Background and motivation:

  Meshing is an important process deriving computational input models from a general geometric model. Continuous physical systems, such as the airflow around an aircraft, the stress concentration in a dam, the electric field in an integrated circuit, or the concentration of reactants in a chemical reactor, or crystal growth furnace, are generally modelled using partial differential equations. To perform simulations of these systems on a computer, these continuum equations need to be discretised, resulting in a finite number of points in space (and time) at which variables such as velocity, density, electric field are calculated. The usual methods of discretisation, finite differences, finite volumes and finite elements, use neighbouring points to calculate derivatives, and so there is the concept of a mesh or grid on which the computation is performed.

  There are two mesh types, characterised by the connectivity of the points. Structured meshes have a regular connectivity, which means that each point has the same number of neighbours. The mesh generated by a structured grid generator is typically all quad or hexahedral. Unstructured meshes have irregular connectivity: each point can have a different number of neighbours.
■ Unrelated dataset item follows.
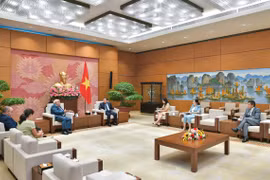 越南国会对外委员会主任武海河会见古巴驻越南大使奥兰多·尼古拉斯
Triangle and Tetrahedral meshes are most commonly thought of when referring to unstructured meshing, although quadrilateral and hexahedral meshes can also be unstructured.Triangles/tetrahedra can fit irregular boundaries and allow a progressive change of element size without excessive distortion, and so are well-suited for mesh generation for FEM. In addition, there are fully-automatic methods for generating triangular/tetrahedral meshes.
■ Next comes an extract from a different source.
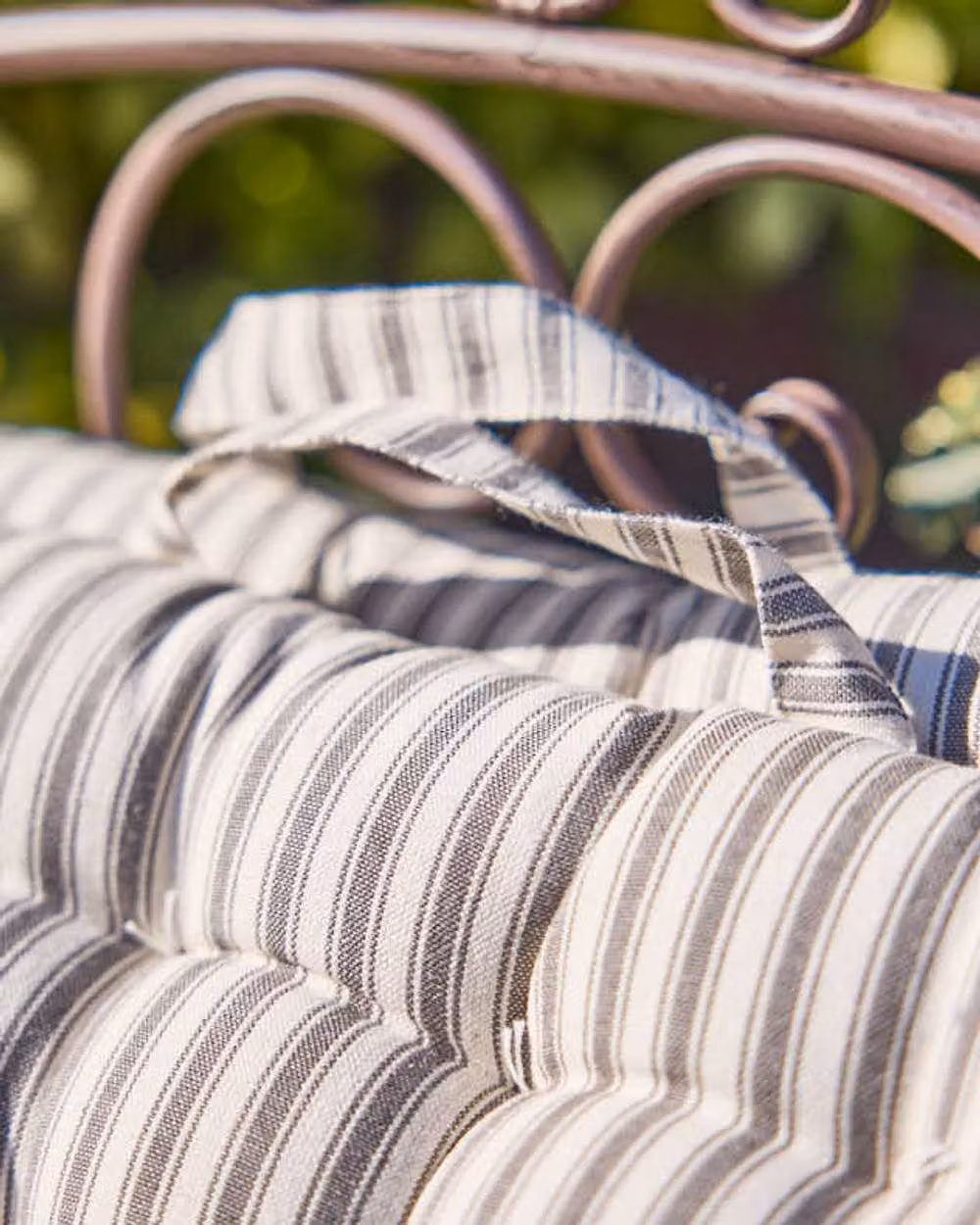 Dibor Grey Striped Summer Outdoor Garden Bench Cushion, Large, W: 45 cm, L: 100 cm – 5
  The aim of this project is to build the tool for on-line testing and visualization of subroutines for manipulation of multidomain unstructured 2D grid generated by "TRIANGLE". "TRIANGLE" is the public domain grid generator, it generate quality conforming Delaunay triangulations that can be generated with no small angles, and are thus suitable for finite element analysis.
  The program simulates two conjugated domains meshed separately (this domains introduces solid and melt in the crystal growth system). It has been planned to test the program functioning in multiprocessor  mode (each domain is proceeded on its processor) by using MPI (message passing interface).  This feature has not implemented in project because the multiprocessor cluster was not available in time. Instead of it the program has been compiled with MPI and executed on a single processor using MPI mode emulation.

Obtaining and compilind:

  The program uses the Mesa/Glut libraries. To compile and run the project you should have Mesa-3.0 or later and Glut-3.0 or later  installed on your  machine. Download all files from folder “cpproj”  and type: make “platform name”  (for example in linux  type: make linux).  For more information see Makefile and Make-config.
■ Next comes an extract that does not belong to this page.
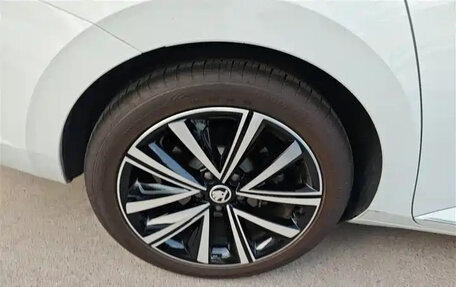 Skoda Superb III рестайлинг, 2022 год, 1 523 000 рублей, 10 фотография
Getting download files and information:

Makefile:
Make-config:     platform configurations;
meshv.c:             the main project program;
triangle.h:            grid generator header;
triangle.o:            grid generator object file;
readtex.c:            included for image files reading ;
ol.rgb:                 image file.

Running and using

Conclusions and future development:

The output of this project is an effective instrument that may be used in my future research for algorithms and subroutines checking.  The following features will be tested and added  in the near future:
 - interface refinement;
 - data interpolation;
 - finite elements calculations;
 - mesh reading from a file and its saving to another one.